* Your objective: Quote the records that follow in full, leaving the pictures out.
-- Opening Marker --
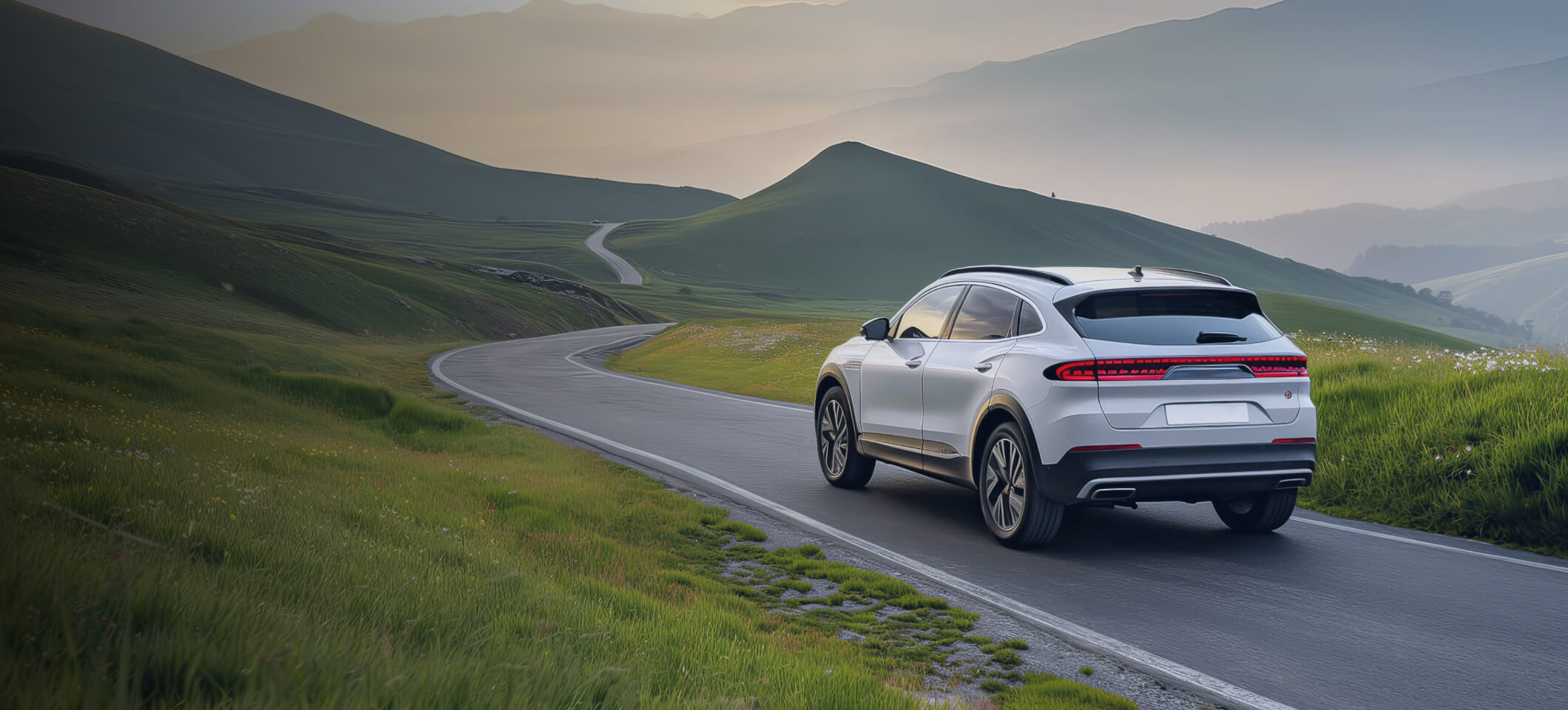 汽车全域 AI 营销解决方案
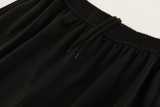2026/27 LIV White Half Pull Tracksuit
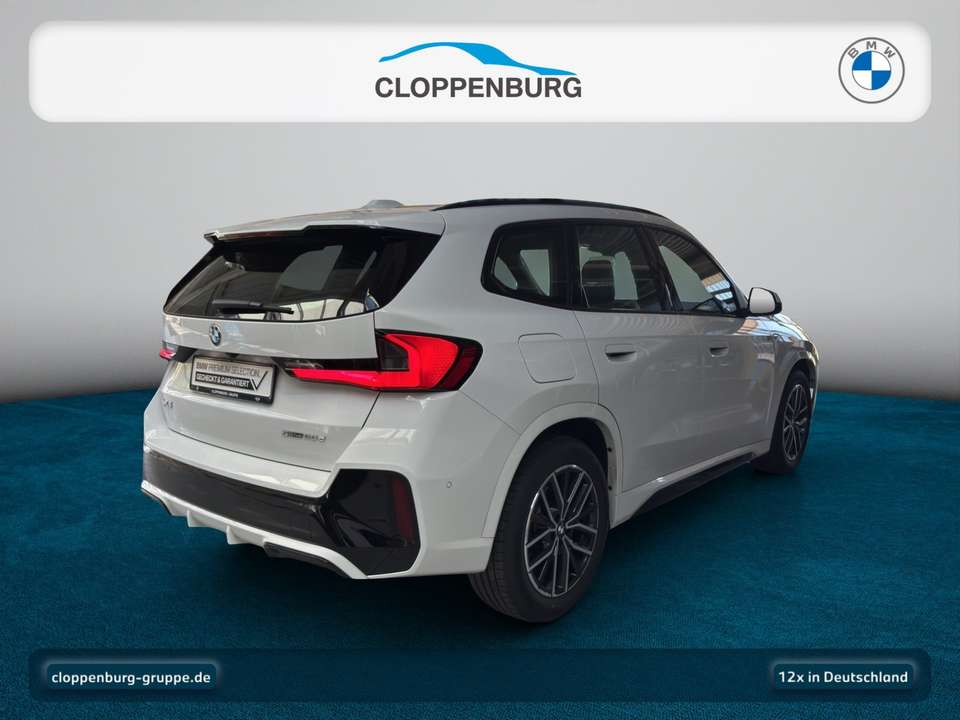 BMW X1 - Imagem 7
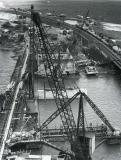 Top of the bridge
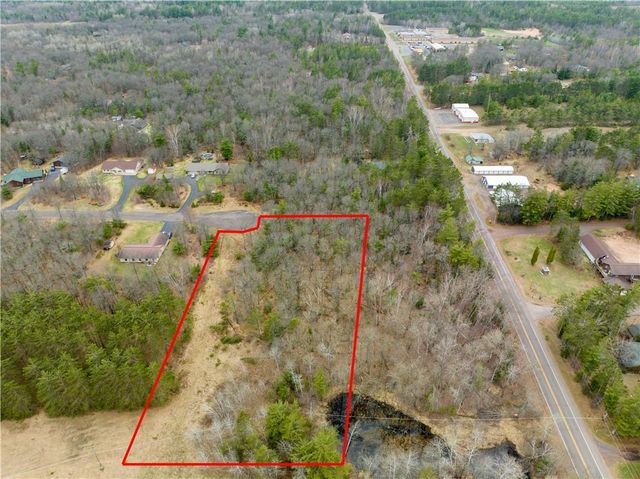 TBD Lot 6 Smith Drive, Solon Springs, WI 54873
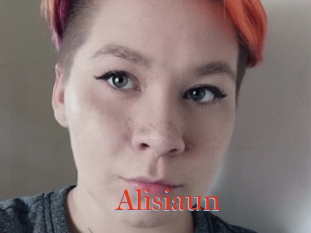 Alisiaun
-- Closing Marker --
* Expected output:
 汽车全域 AI 营销解决方案
2026/27 LIV White Half Pull Tracksuit
 BMW X1 - Imagem 7
 Top of the bridge
 TBD Lot 6 Smith Drive, Solon Springs, WI 54873
 Alisiaun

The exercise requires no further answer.